2 Hell is her highest name — Hadewijch's most striking doctrinal compression. The love-hell is the soul's willing-being-cast-into Love who all-consumes, all-condemns, grants no grace, ever-storms, ever-pursues, all-swallows, all-engulfs. This is not the metaphysical hell of the damned — Hadewijch distinguishes carefully — but a higher hell that goes above the labor of hell: the soul, freely chosen by Love, in bottomless nature sinks in heat, in cold, at every hour, in Love's deep-high darkness. The doctrinal root: Marguerite Porete's Mirror X (in the project translation), where the Soul says she would gladly choose hell if it pleased God to send her there. The Hadewijch love-hell doctrine — that hell is Love's highest name — is the direct ancestor of Porete's willed-annihilation in God and Eckhart's abegescheidenheit.

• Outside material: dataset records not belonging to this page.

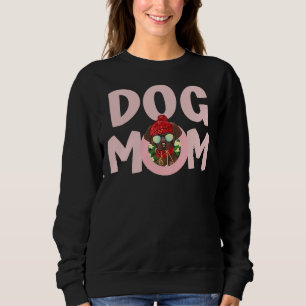 Best Dog Mom Ever Chocolate Lab Labrador Sweatshirt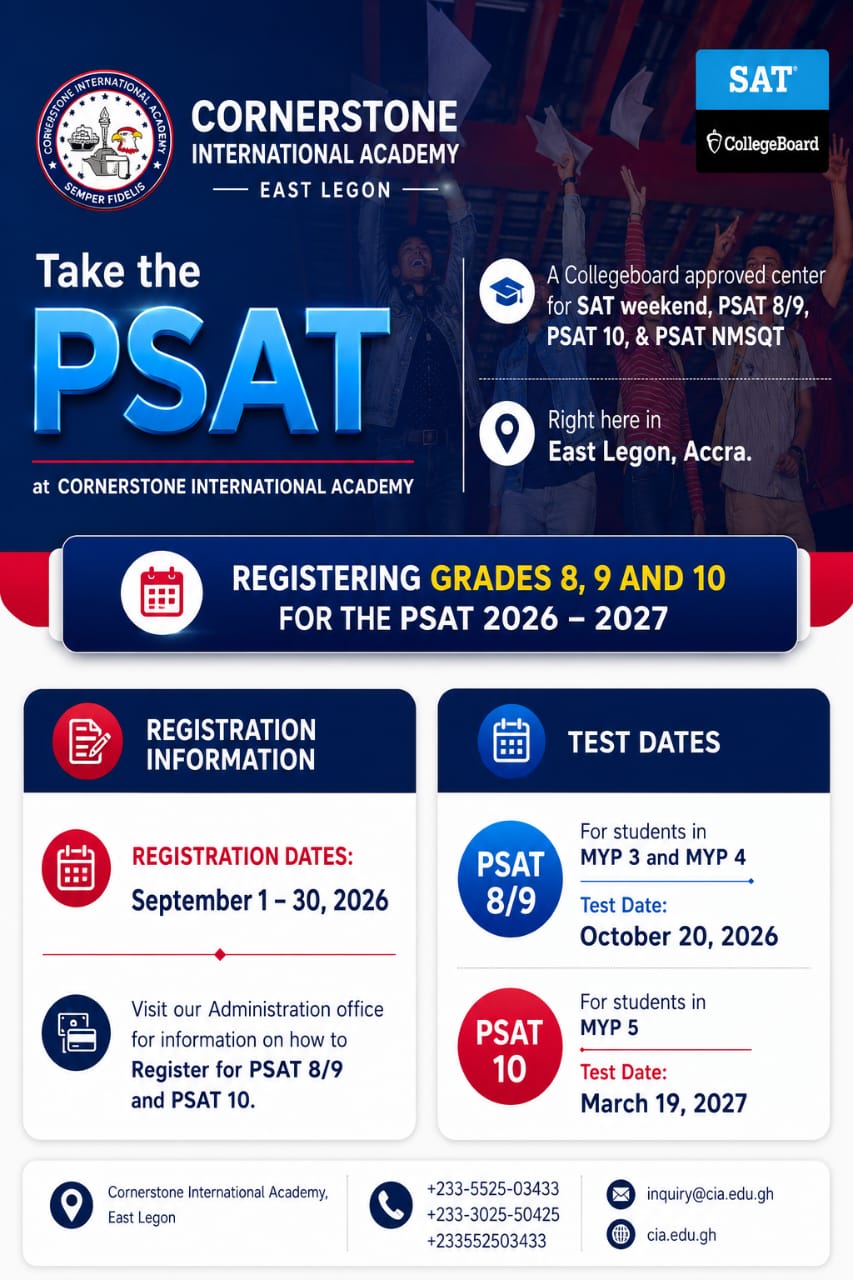 PSAT Registration Banner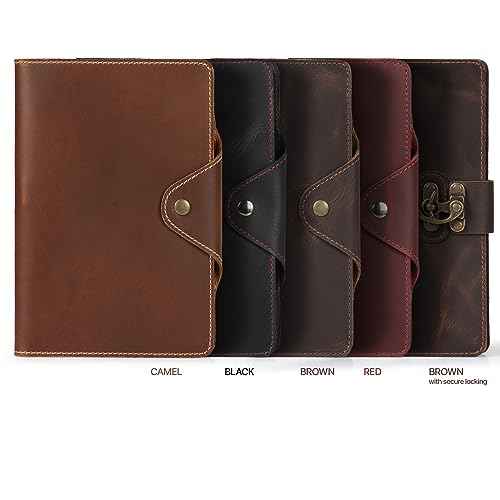 Londo Genuine Leather Portfolio ? Padfolio with Notepad & Snap Closure for Business, Office & Travel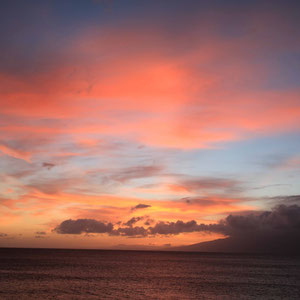 Sonnenuntergang auf Maui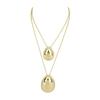 Chic Pendant Necklace with Smooth Waterdrop Charm Personalized Waterdrop Pendant Neck Jewelry Modern Neckchain Adornment
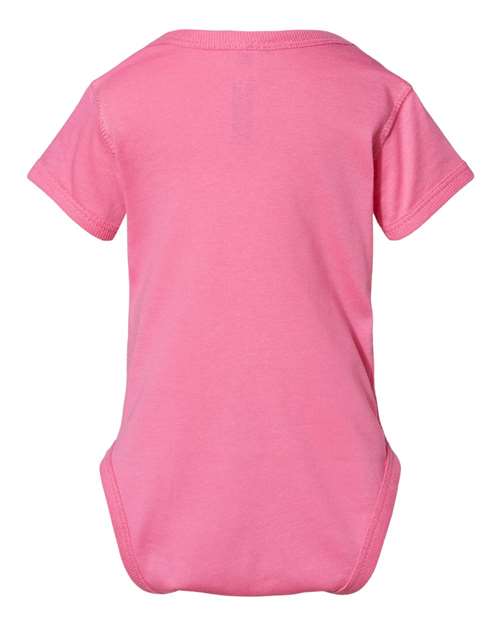 Rabbit Skins 4424 Infant Fine Jersey Bodysuit - Raspberry - back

3 Dilata, ira decrescit. Explicit liber iste. Deo gratias. Amen. — Latin (Let it expand; the anger lessens. This book is finished. Thanks be to God. Amen.). The closing-of-book formula in the manuscripts is a standard medieval explicit-block, marking the close of the Hadewijch-authentic Mengeldichten. Poems XVIII–XXIX, traditionally attributed to a "Hadewijch II" school-poet, follow in the manuscripts without the explicit — transparently a separate body of work (treated in Section V of this project translation).